On the outside chance the Fats Domino labels mistakenly credited the writers, I checked my 1956 singles, both 45 and 78 (Imperial 5407), and they properly attribute the words and music to "Lewis, Stock & Rose."
DEAR JERRY: Hope you can stand another regional hit inquiry, 'cause that's what I have.
When the English began to dominate the airwaves in early 1964, KSO, our Top 40 station, also played a record by an American singer, one inspired by the old tongue twister, "she sells seashells by the sea shore."
Do you know the one I mean?
Larry Curtis, Des Moines, Iowa
DEAR LARRY: Yes, thanks to your more than adequate clues.

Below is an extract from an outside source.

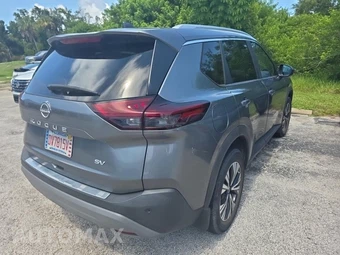 2023 Nissan Rogue SV - miniatura 5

I began flipping through my radio surveys, starting with Jan. 1, 1964, but not a lot of time traveling was required before spotting "Sea Shell Sherry," by Jerry Keller (Coral 62378).
That a song that didn't make the Top 100 on either Billboard or Cash Box still got regional play is not unusual. What is amazing is finding "Sea Shell Sherry" at No. 4 in Des Moines.
The Top 3 that week (Jan. 31) were: 1. "I Want to Hold Your Hand" (Beatles); 2. "Hey Little Cobra" (Rip Chords); 3. "Forget Him" (Bobby Rydell).
Keller, whose "Here Comes Summer" was a smash hit in 1959, begins this novelty with the familiar "she sells sea shells down by the sea shore." But with each verse, the pace picks up and another alliterative word is added. He finally works his way up to "swingin', surfin', silly, Sherry sells sea shells down by the sea shore."
Since I did not see this tune on any other surveys, it is possible Des Moines was the only market playing "Sea Shell Sherry," not what you might expect in a location about as far away as possible be from either sea shore, Atlantic or Pacific.
IZ ZAT SO? If seeing "Sea Shell Sherry" in the KSO Top 4 is surprising, add this detail to the mystification:
Of the entire Top 40 that week, only one other record was not what you would call a nationwide hit, and it was nowhere the Top 4. At No. 35 is "My Home Town," by Steve Lawrence.
Maybe Jerry Keller had relatives in Des Moines.